◆ Task
Reproduce exactly only the lines from the line that holds "TESLA MODEL Y 2023 7SAYGDED1PF944151 image" to the line that holds "6826 8th St, Phoenix, AZ 85042", inclusive, in the listing below, and please leave out every picture.

◆ Records
-- -- --
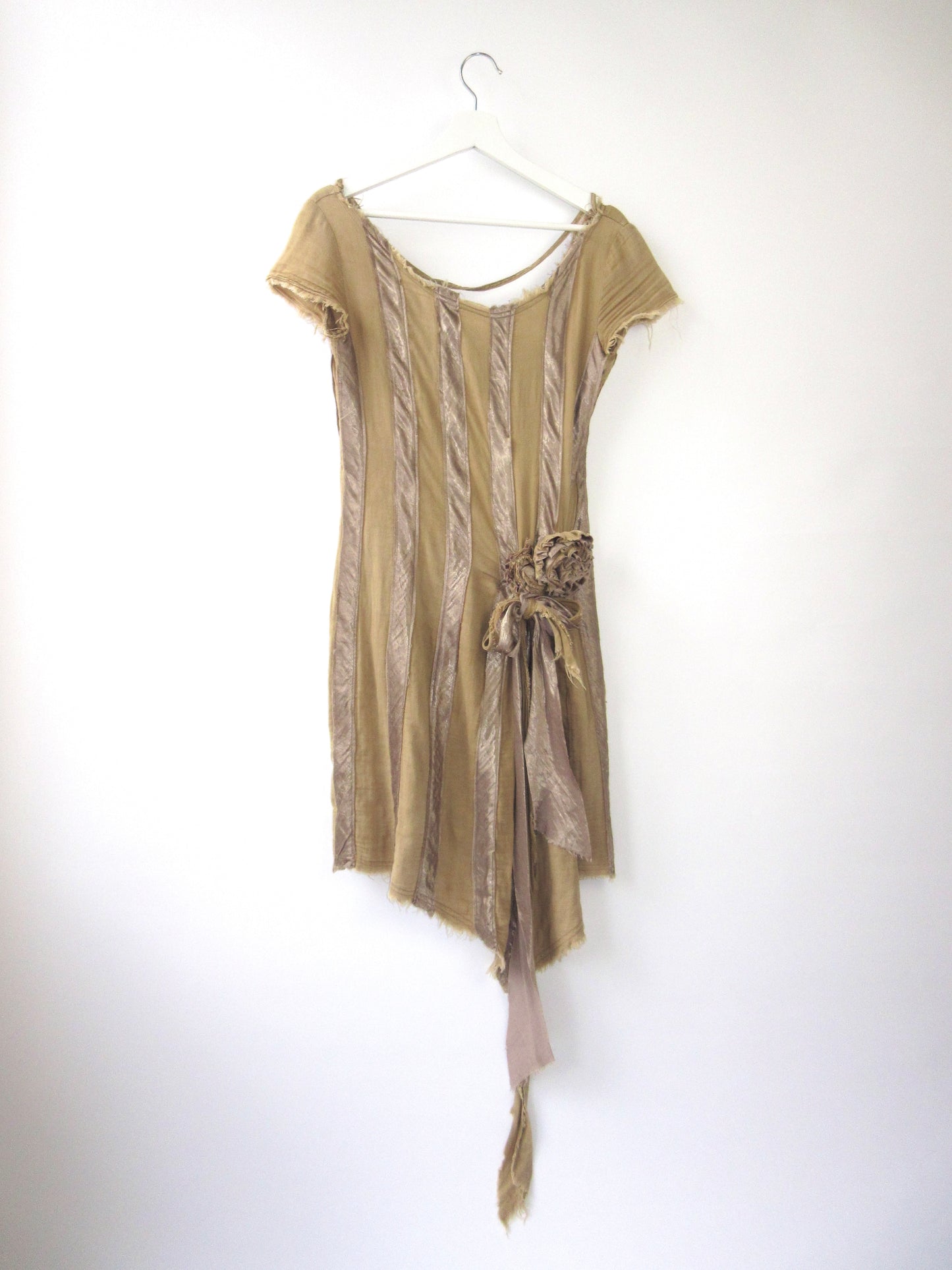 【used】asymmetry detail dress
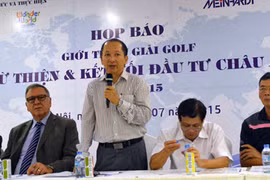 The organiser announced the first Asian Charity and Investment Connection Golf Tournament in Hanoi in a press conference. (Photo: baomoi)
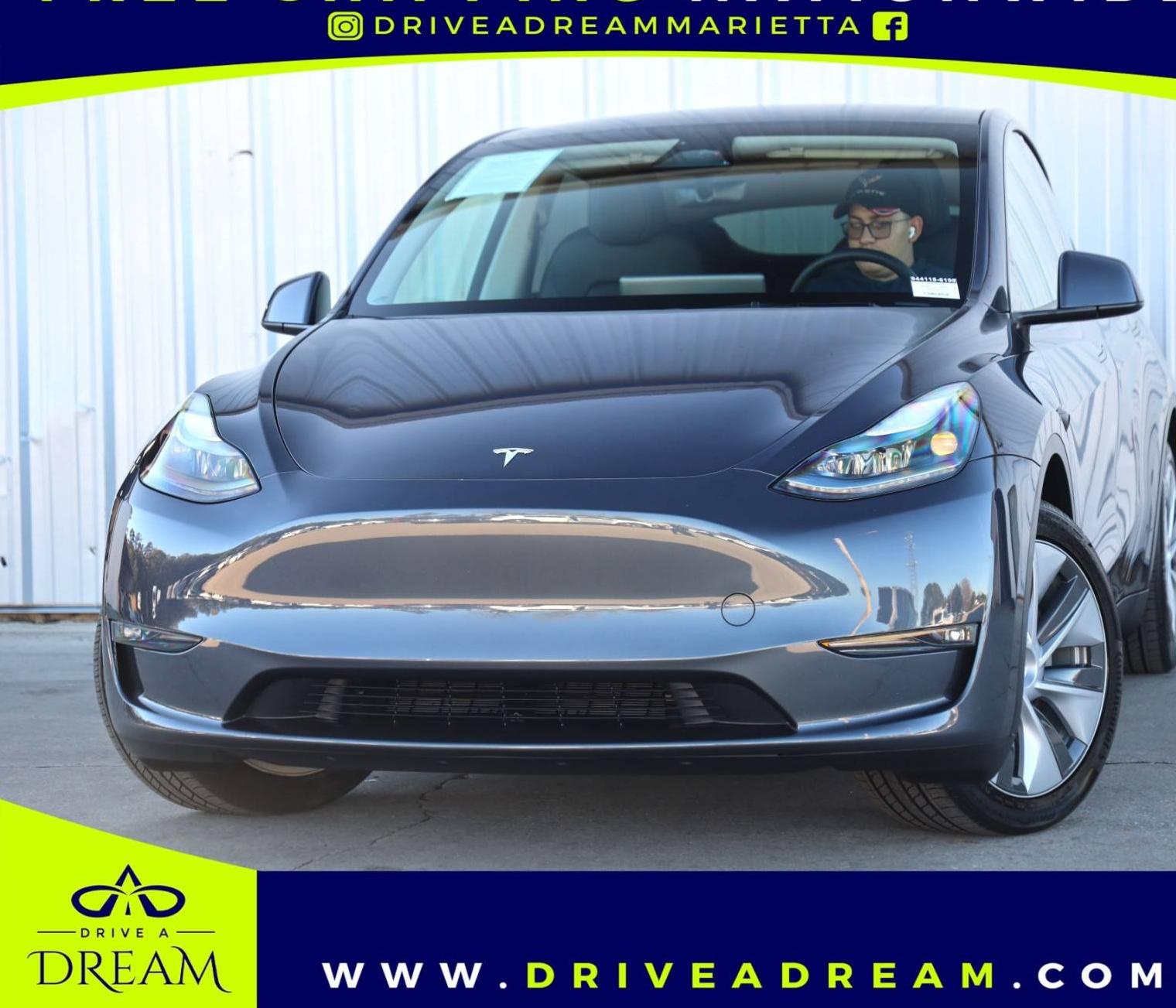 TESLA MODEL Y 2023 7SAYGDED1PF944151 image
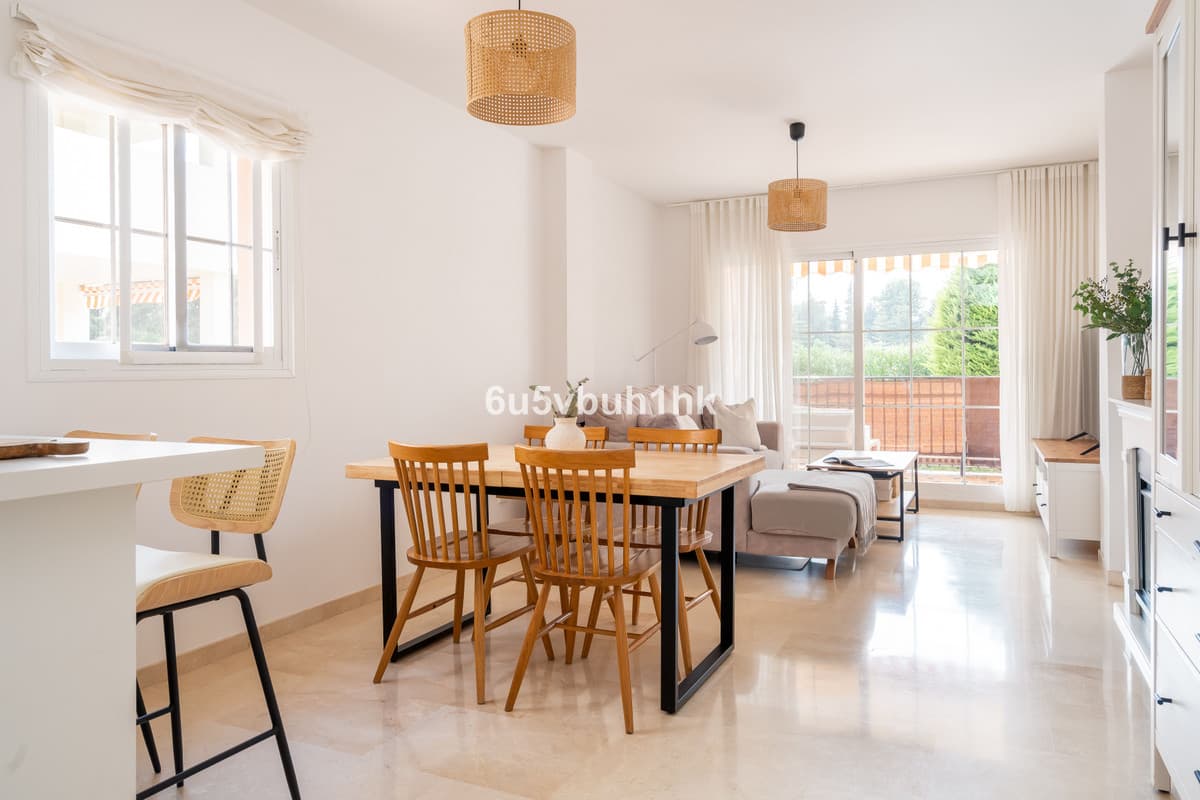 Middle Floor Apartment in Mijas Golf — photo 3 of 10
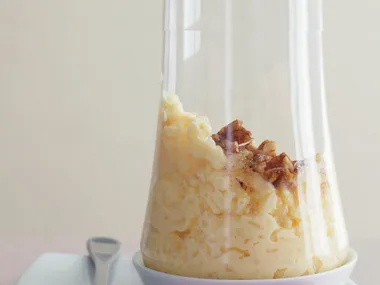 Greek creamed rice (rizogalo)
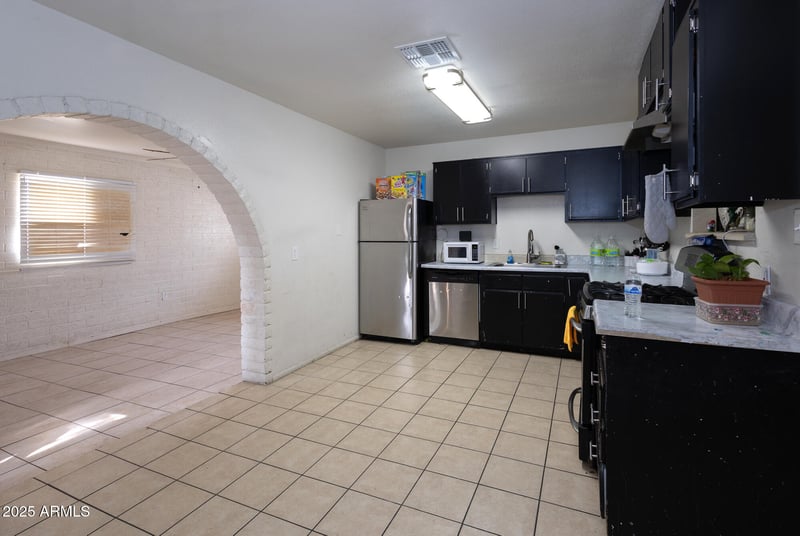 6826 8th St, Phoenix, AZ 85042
-- -- --
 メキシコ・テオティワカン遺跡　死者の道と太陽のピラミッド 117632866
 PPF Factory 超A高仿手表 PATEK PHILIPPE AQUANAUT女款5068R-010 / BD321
-- -- --
◆ Your solution
 TESLA MODEL Y 2023 7SAYGDED1PF944151 image
 Middle Floor Apartment in Mijas Golf — photo 3 of 10
 Greek creamed rice (rizogalo)
 6826 8th St, Phoenix, AZ 85042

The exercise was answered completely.